Barbara Titus, Emily Clark, Vincent Kuitenbrouwer
As part of the Decolonial Futures Seed Grant, the UvA team partners with the Timor-based Institute of Research Governance and Social Change (IRGSC) to increase awareness of this online collection in Timor. To support this effort, the IRGSC will curate an exhibition at the Provincial Library of Kupang, where visitors can access the collection directly. Additionally, the IRGSC will hold an essay competition to encourage reflection on the contemporary relevance of this heritage.
At the end of the project, Dr. Dominggus Elcid Li, director of IRGSC, will visit the University of Amsterdam to study parts of the collection that have not yet been digitized. He will also share his insights from working with the Jaap Kunst collection in Timor and offer his perspective on the digital restitution of sonic colonial heritage.
Barbara Titus is Associate Professor of Cultural Musicology at the University of Amsterdam. She is the curator of the Jaap Kunst Sound Collection and participates in the NWO-funded project Restituting, Reconnecting, Reimagining Sound Heritage (Re:Sound).

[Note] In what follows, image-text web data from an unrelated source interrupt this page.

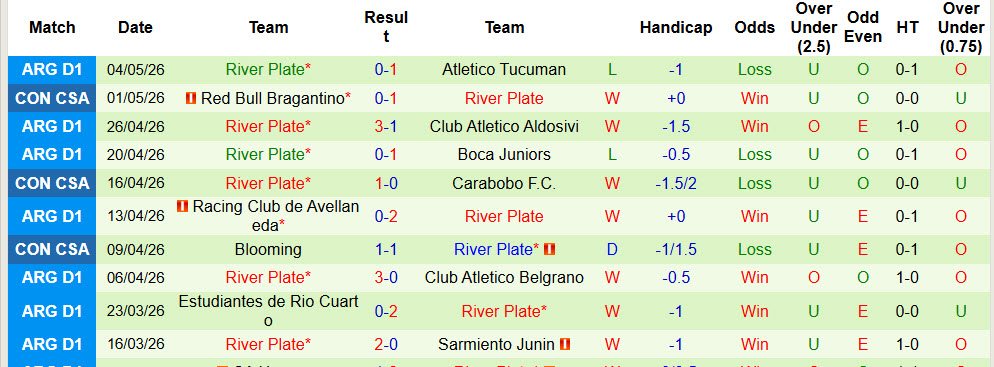 Nhận định, soi kèo Carabobo vs River Plate, 07h30 ngày 8/5: Chặn đứng Dòng sông bạc - Ảnh 3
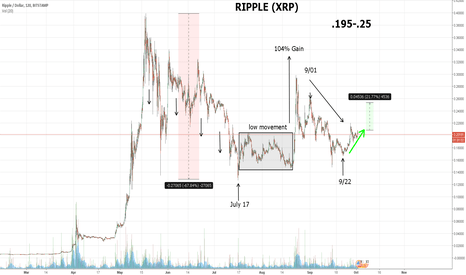 And ripple (xrp) is quickly becomi. Page 2 Swell Tradingview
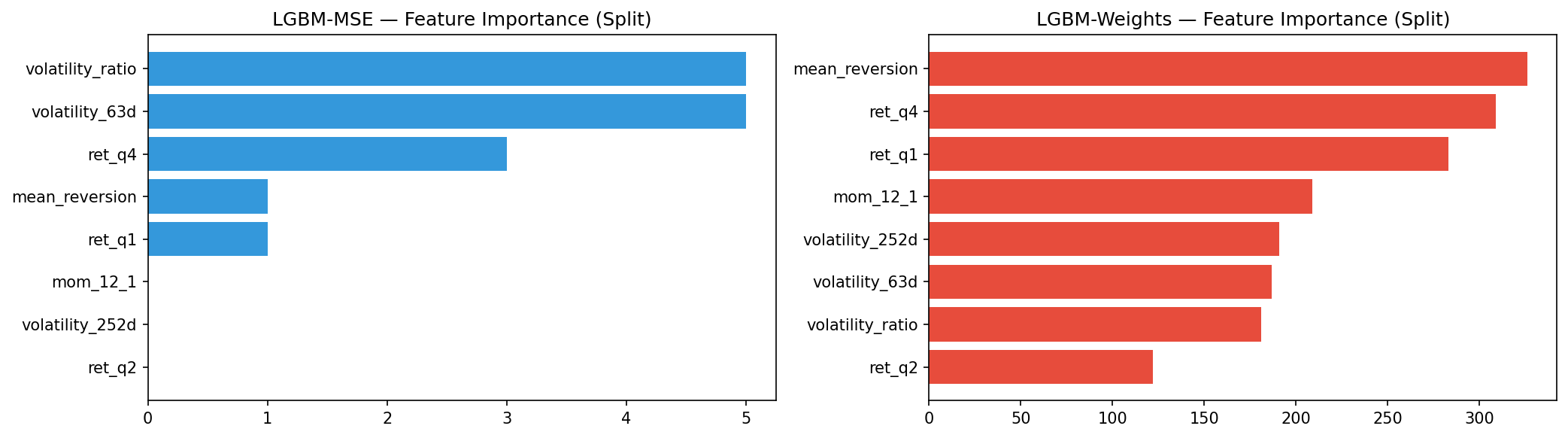 Feature Importance — LGBM-MSE vs LGBM-Weights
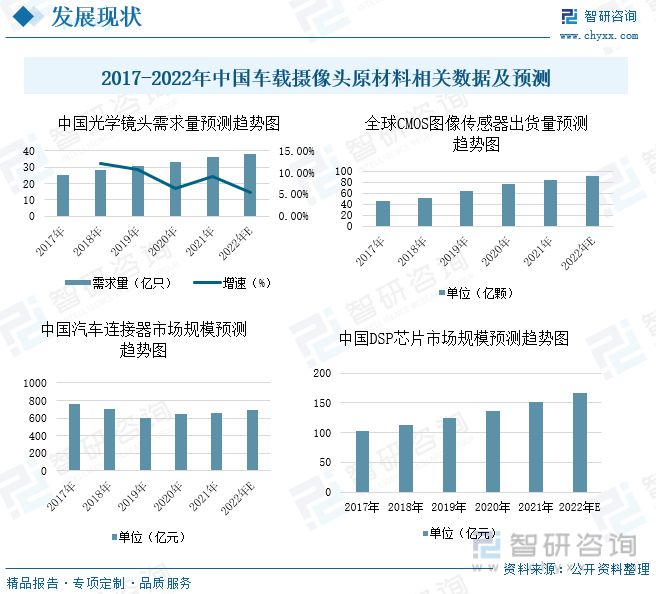 高清摄像机最新信息与市场全览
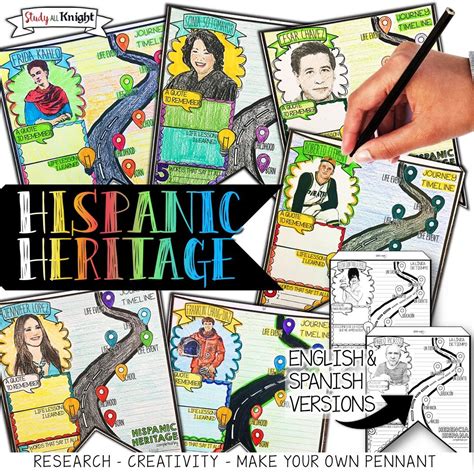 Hispanic Heritage Month Pennant Activity | Hispanic heritage month, Hispanic heritage, Heritage ...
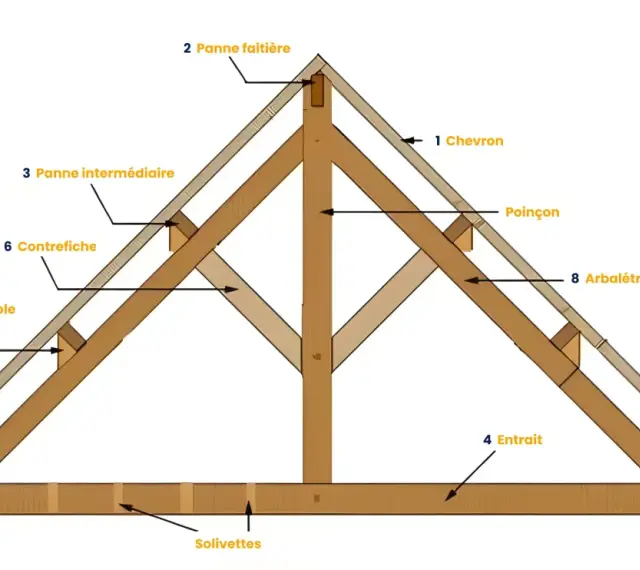 Illustration d'une charpente bois avec ses éléments : chevrons, pannes, entrait, poinçon, etc.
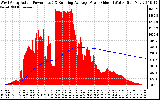 Solar PV/Inverter Performance West Array Actual & Running Average Power Output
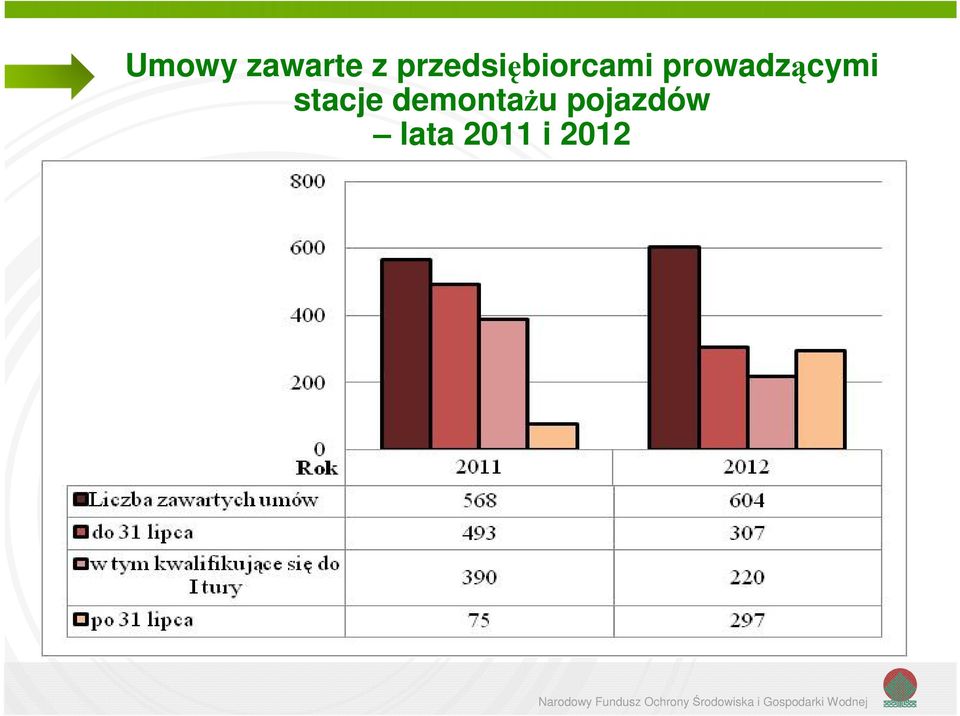 prowadzącymi stacje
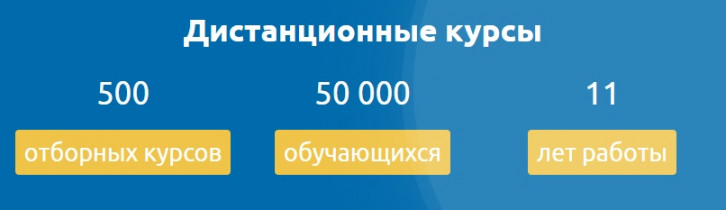 Промокод В House Магазин Одежды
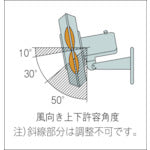 Load image into Gallery viewer, Wall type Factory Fan  SF-45MV-1VP  SUIDEN
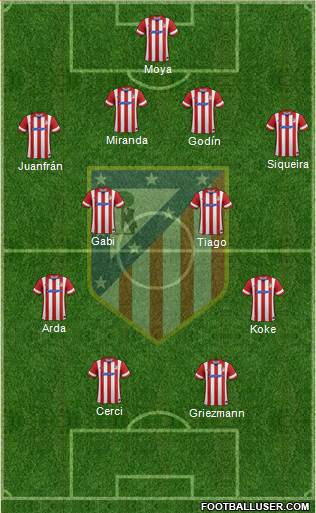 C. Atlético Madrid S.A.D. Formation 2014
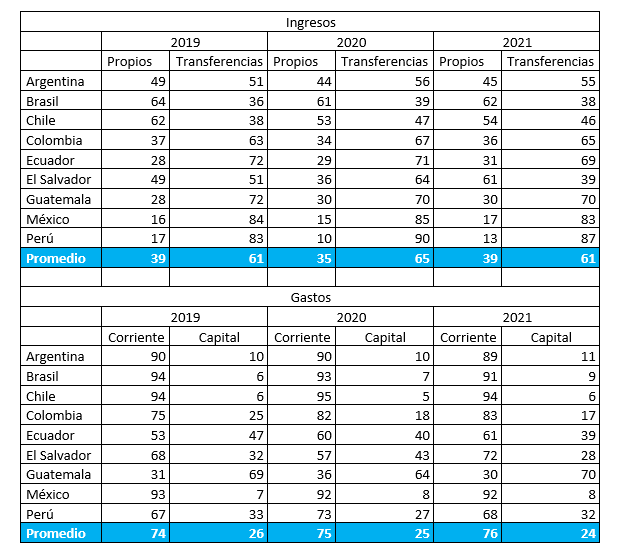 Países seleccionados de América Latina: Composición relativa de ingresos y gastos (como porcentaje del total)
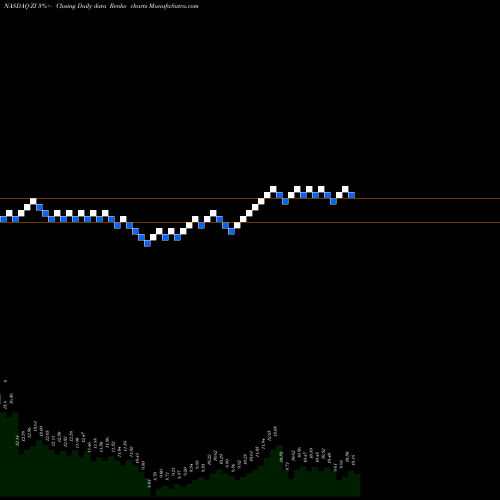 Free Renko charts Zoominfo Technologies Inc Cl A ZI share NASDAQ Stock Exchange 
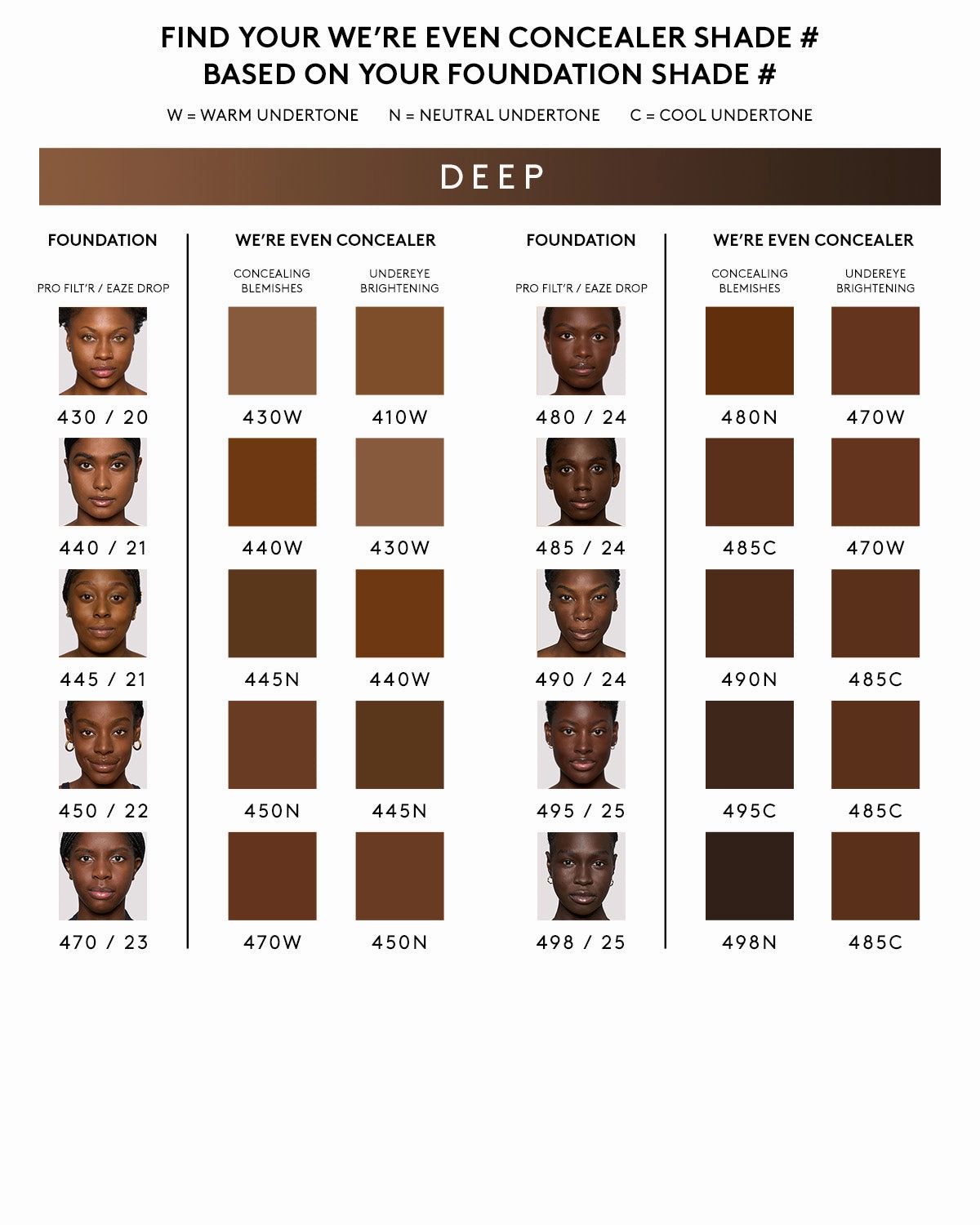 We're Even Hydrating Longwear Concealer — 480N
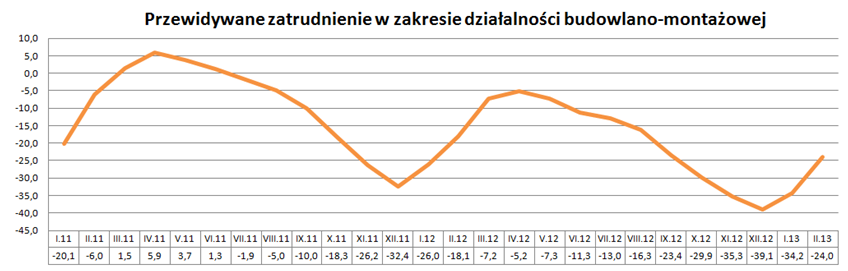 wskaźnik zatrudnienia w budownictwie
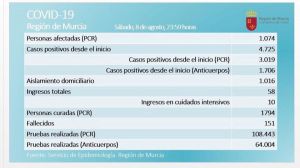 La Región sobrepasa el millar de casos activos de Covid19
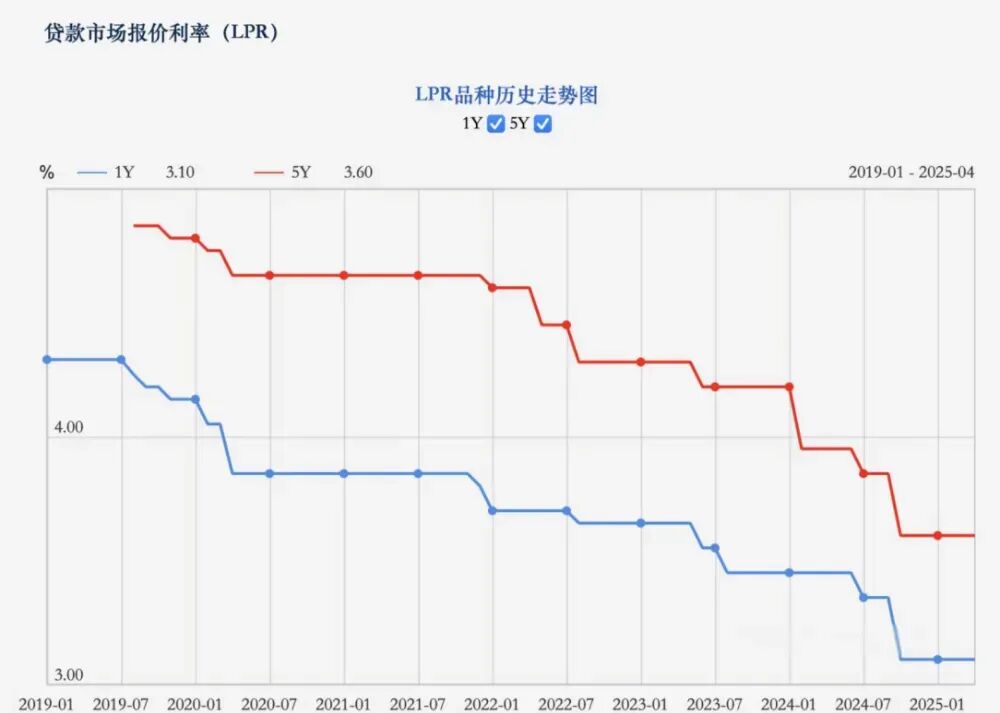 大变局下，中小银行怎么更好活下去：在广东，我看到了答案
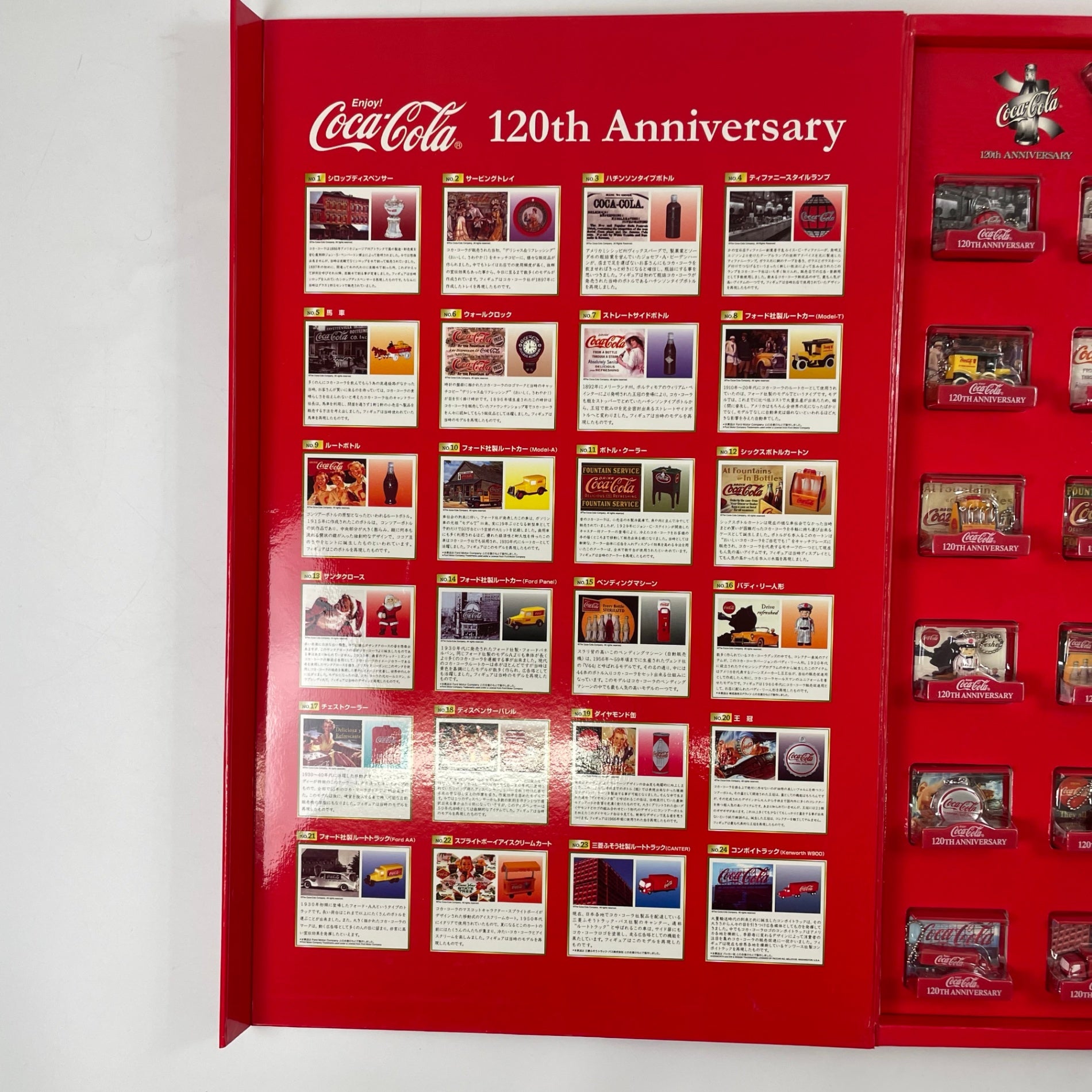 Coca-cola / 【非売品】 120周年記念フィギュアコレクション 2006年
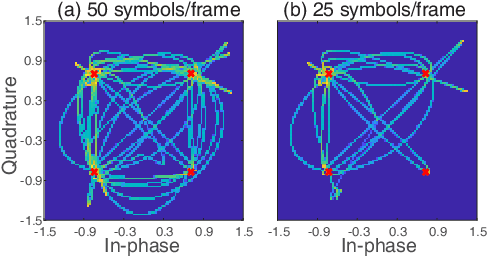 Figure 2 for Deep Learning Methods for Device Identification Using Symbols Trace Plot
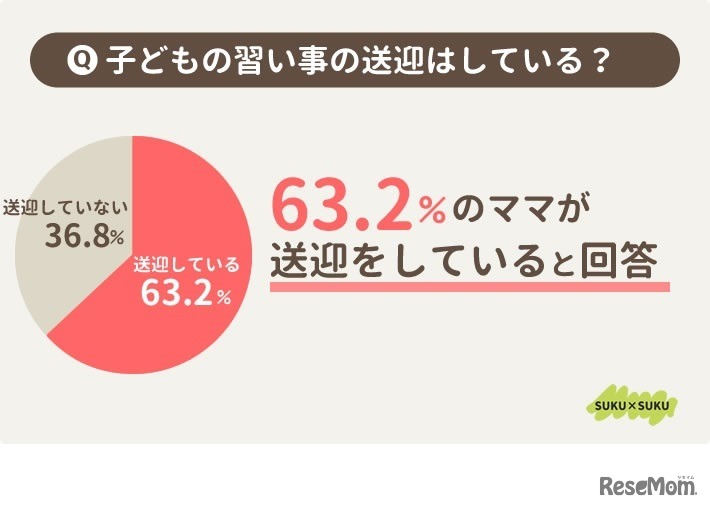 子供の習い事の送迎はしている？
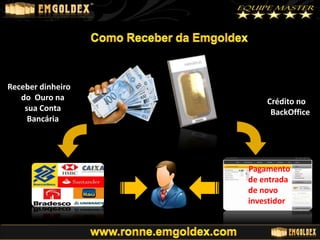 Receber dinheiro
do Ouro na
sua Conta
Bancária

Crédito no
BackOffice

3.50
0

Pagamento
de entrada
de novo
investidor

 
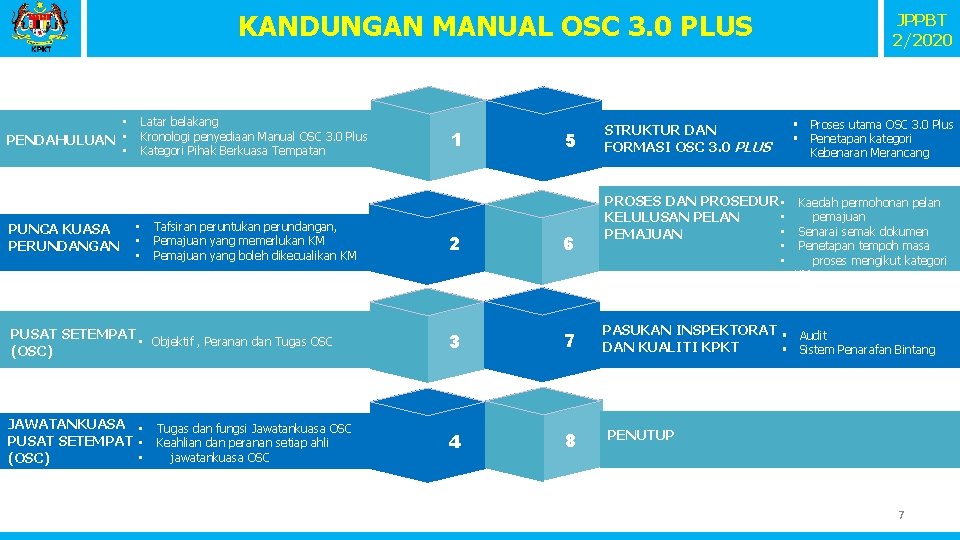 KANDUNGAN MANUAL OSC 3. 0 PLUS Latar belakang Kronologi penyediaan Manual OSC 3. 0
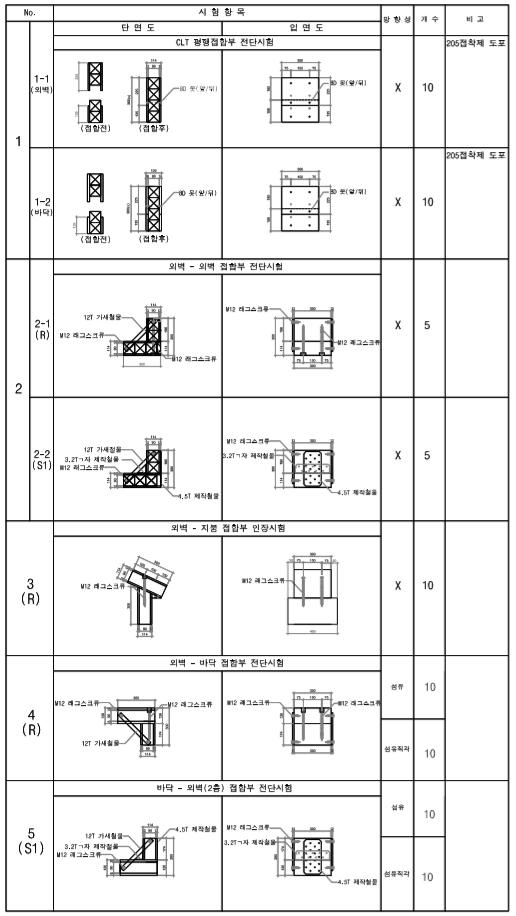 목질복합 CLT 직각접합부 도면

Emily Clark is Assistant Professor of Contested Archives, Media and Memory at the University of Amsterdam. She currently leads the project “Audibilities of the Colonial Past: Dutch Sound Archives as History, Heritage and Data” with funding from the Dutch Research Council.
Vincent Kuitenbrouwer is Senior Lecturer History of International Relations at the University of Amsterdam. His current research focusses on international radio broadcasting in the late colonial period and the era of decolonization (1930-1975).